Sivalenka Sambhu Prasad (26 January 1911 – 8 June 1972)  was a journalist and Indian National Congress politician, who took over the Daily News Paper Andhra Patrika (Daily Telugu language Newspaper), Andhra Sachitra Vara Patrika (Telugu Language Weekly Magazine) and Bharathi (Telugu Language Monthly covering classical Literature)  which were published from Chennai City (then Madras) which was the capital of Composite State of Madras (Madras Presidency) from his father-in-law Kasinadhuni Nageswara Rao, the founder of Andhra Patrika group of publications in 1903, inventor of "Amrutanjan", a pain balm with natural ingredients, in 1893 and a freedom-fighter. After taking over he led the group of publications from 1938 to 1972. Rao also bequeathed all properties and Amrutanjan business to Sambhu Prasad, which he ran along with publications.
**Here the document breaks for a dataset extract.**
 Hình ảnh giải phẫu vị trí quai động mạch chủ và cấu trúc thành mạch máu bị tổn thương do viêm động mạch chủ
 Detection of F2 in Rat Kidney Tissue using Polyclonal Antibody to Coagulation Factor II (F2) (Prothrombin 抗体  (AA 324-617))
During Sambhu Prasad's lifetime there were many important events in India, including the Second World War, the Independence of India, and much of the life, and the death, of Mahatma Gandhi. He was called "Ayyavaru" (Teacher and Guru) by his employees.
The centenary of his birth was celebrated in 2011 by a function was attended by dignitaries and journalists, including Chief Minister of Andhra Pradesh Konijeti Rosaiah.

Early life 
Sambhu Prasad was born to S. Sivabrahmam in the then Madras Presidency. He graduated from the Viswa Bharathi University and joined the Indian independence movement. He was a member of the Indian National Congress.

Education 
Sivalenka Sambhuprasad graduated from the Santiniketan school founded by Rabindranath Tagore.

Member of Parliament 
Sambhu Prasad was elected to the Rajya Sabha in 1952 and served from 3 April 1952 to 2 April 1956. He subsequently served a term in the Legislative Council of Andhra Pradesh States.

Family 
Sambhu Prasad married Kamakshamma (daughter of Kasinadhuni Nageswara Rao Desodharaka Nageswara Rao Pantulu Garu). They had two sons and three daughters.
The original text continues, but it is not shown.